*The task*
Reproduce exactly the run of lines that begins with the one containing "中华姓氏之一林姓迁徙分布情况（林姓起源及分布）" and ends with the last line of the records, omitting pictures.

Entries shown section start

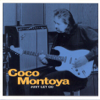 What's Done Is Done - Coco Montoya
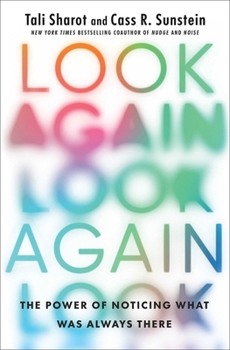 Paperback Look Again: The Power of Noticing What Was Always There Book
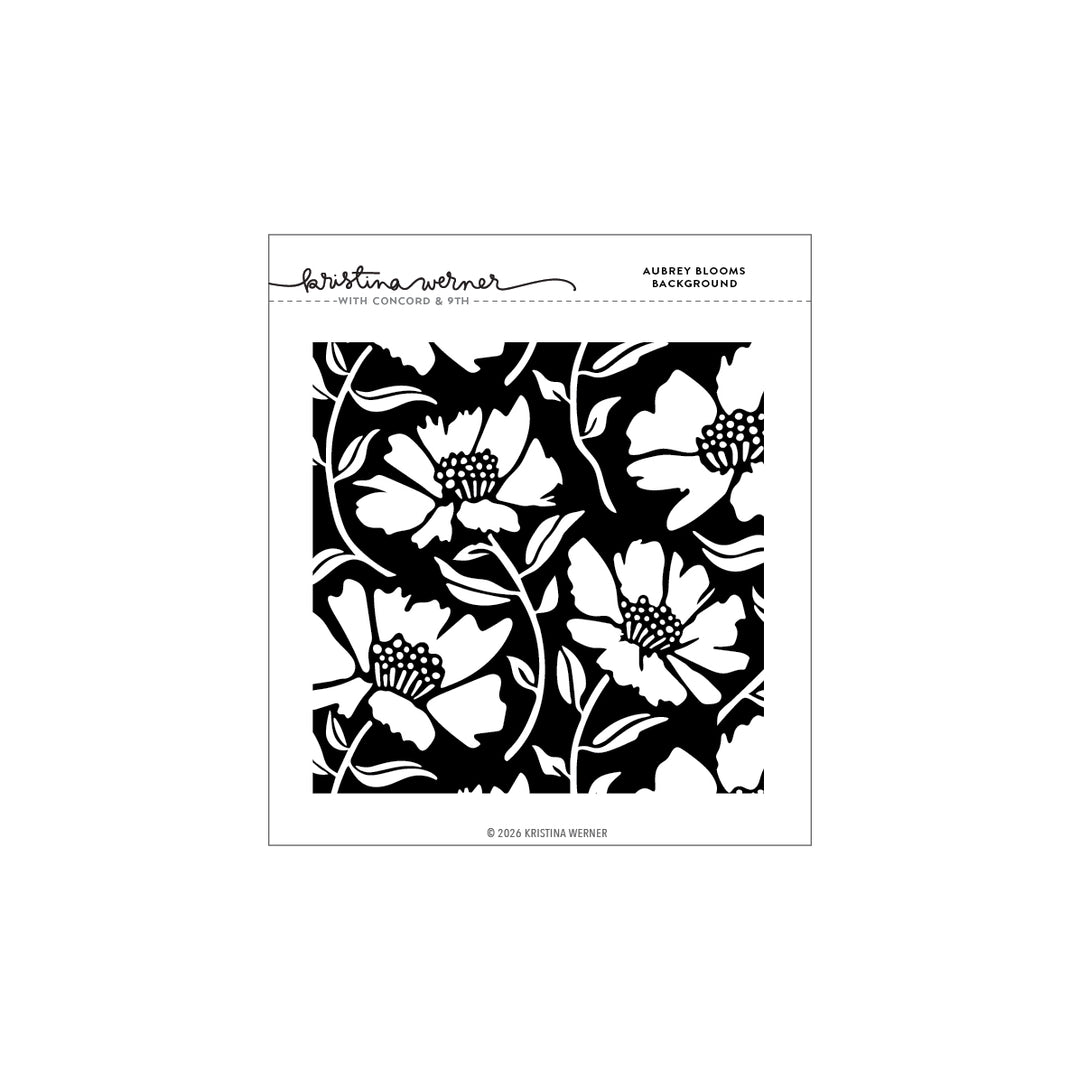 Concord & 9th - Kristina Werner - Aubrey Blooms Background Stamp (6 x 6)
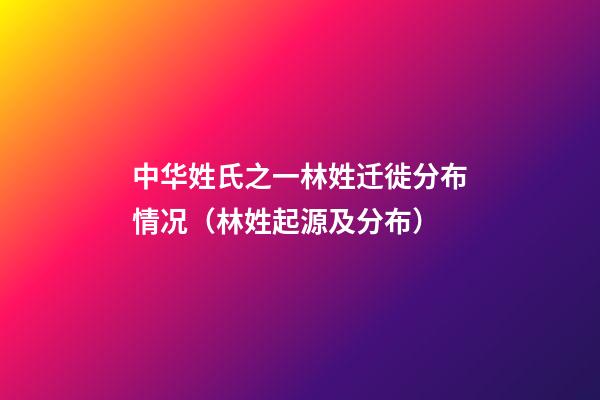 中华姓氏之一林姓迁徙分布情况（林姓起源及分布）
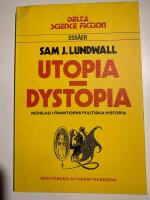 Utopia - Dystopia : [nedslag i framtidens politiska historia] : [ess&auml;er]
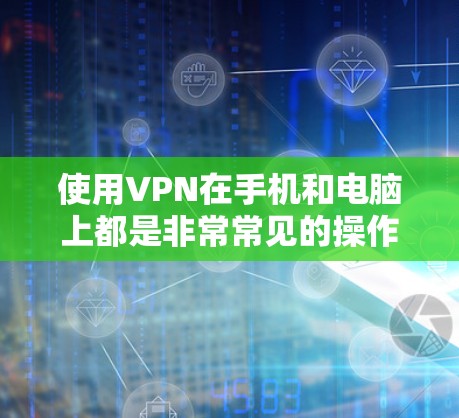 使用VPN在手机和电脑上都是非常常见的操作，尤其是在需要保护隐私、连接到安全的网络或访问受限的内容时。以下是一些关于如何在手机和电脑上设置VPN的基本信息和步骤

Entries shown section end

*Exercise response*
 中华姓氏之一林姓迁徙分布情况（林姓起源及分布）
 Utopia - Dystopia : [nedslag i framtidens politiska historia] : [ess&auml;er]
 使用VPN在手机和电脑上都是非常常见的操作，尤其是在需要保护隐私、连接到安全的网络或访问受限的内容时。以下是一些关于如何在手机和电脑上设置VPN的基本信息和步骤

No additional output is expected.